= Periphas =

Multiple figures in Greek mythology

Periphas (/ˈpɛrᵻfəs/; Ancient Greek: Περίφᾱς Períphās means 'conspicuousness') in Greek mythology may refer to:

- Periphas, a legendary king of Attica who Zeus turned into an eagle, husband of Phene.
- Periphas, an Egyptian prince as one of the sons of King Aegyptus. His mother was Gorgo and thus full brother of Oeneus, Aegyptus, Menalces, Lampus and Idmon. In some accounts, he could be a son of Aegyptus either by Eurryroe, daughter of the river-god Nilus, or Isaia, daughter of King Agenor of Tyre. Periphas suffered the same fate as his other brothers, save Lynceus, when they were slain on their wedding night by their wives who obeyed the command of their father King Danaus of Libya. He married the Danaid Actaea, daughter of Danaus and Pieria.
- Periphas, one of the five sons of Aretus who fought against Dionysus in the Indian War.
- Periphas, a Aetolian prince as son of King Oeneus of Calydon and Althaea, daughter of King Thestius of Pleuron. He was the brother of Meleager, Phereus, Ageleus, Toxeus, Clymenus, Gorge, Eurymede, Deianira and Melanippe.
- Periphas, a son of Lapithes and Orsinome in Thessaly.

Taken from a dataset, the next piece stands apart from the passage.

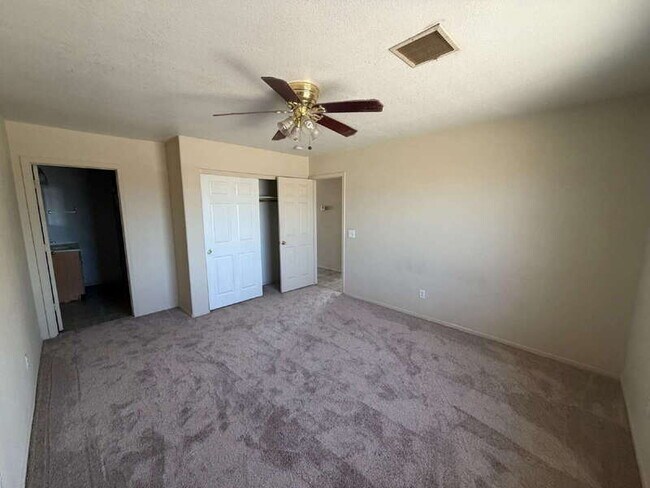 Building Photo - 10800 W Carousel Dr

He consorted with Astyagyia, daughter of Hypseus, and had by her eight sons, of whom the eldest, Antion was a possible father of Ixion with Perimela.
- Periphas, one of the Lapiths at the wedding of Pirithous and Hippodamia. He must not be confused with the above-mentioned Periphas who was also a Lapith.
- Periphas, same as Hyperphas.
- Periphas, son of the Aetolian Ochesius, fell by the hand of Ares in the Trojan War. As his body was being looted, Diomedes wounded Ares in the stomach and forced him to retreat. According to Nicander's Aetolica, Ochesius was the son of Oeneus, making Periphas a cousin to Diomedes.
- Periphas, a companion of Neoptolemus who took part in the destruction of Troy.
- Periphas, one of the sons of King Aeolus of Lipara, the keeper of the winds. He had five brothers namely: Agenor, Euchenor, Klymenos, Xouthos and Macareus, and six sisters: Klymene, Kallithyia, Eurygone, Lysidike, Kanake and an unnamed one. According to various accounts, Aeolus yoked in marriage his sons, including Periphas, and daughters in order to preserve concord and affection among them.
- Periphas, one of the Suitors of Penelope who came from Zacynthus along with other 43 wooers. He, with the other suitors, was shot dead by Odysseus with the aid of Eumaeus, Philoetius, and Telemachus.
- Periphas, a son of Epytus, and a herald of Aeneas.